Honoree

Eugene Corbett Patterson

AWARDS

Honorary Degree (1990)
LL.D.
Doctor of Laws
Commencement
Location: Bloomington
Presenter: Thomas Ehrlich

BIOGRAPHY

Eugene Corbett Patterson, Editor Emeritus of the St. Petersburg Times, has provided extraordinary public service during his career, setting standards of excellence to which future journalists can aspire. A leader in upholding the freedoms this nation represents, he has demonstrated the responsibility and privilege of the press to serve the people with truth and honor.

Mr. Patterson was born in Valdosta, Georgia, and received the Bachelor of Arts from the University of Georgia in 1943. He served with distinction in World War II, receiving the Silver Star and the Bronze Star with Oak Leaf Cluster. After the war, he began his career in journalism as a reporter for the Daily Telegram of Temple, Texas, and the Telegraph of Macon, Georgia. He then joined United Press, first as manager for South Carolina, then as night bureau manager for New York City, before becoming manager for the London, England, bureau and chief correspondent for the United Kingdom.

In 1956, Mr. Patterson joined the Atlanta Journal and Constitution as vice president and executive editor, and in 1960 he became editor of the Atlanta Constitution. In this position, he was a leader in moving public opinion in Georgia toward acceptance of desegregation in the public schools during the difficulties of 1959-1961. His wisdom and compassion contributed to the productive resolution of that crisis.

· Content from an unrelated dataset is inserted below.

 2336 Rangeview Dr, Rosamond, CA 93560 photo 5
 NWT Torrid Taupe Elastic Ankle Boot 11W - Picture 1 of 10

Mr. Patterson served as managing editor of the Washington Post from 1968 to 1971, and in 1972 undertook the editorship of the Congressional Quarterly, a responsibility he carried with superb judgment for the next fourteen years. In 1978, he also became chairman and chief executive officer of the St. Petersburg Times Publishing Company and all its affiliates, and director of the Poynter Institute for Media Studies. He retired from these positions in 1988.

Mr. Patterson was awarded the Pulitzer Prize for editorial writing in 1966. He received the William Allen White National Award for journalistic merit in 1980 and is a Fellow of the Society of Professional Journalists. Twelve colleges and universities have recognized his distinction with honorary degrees.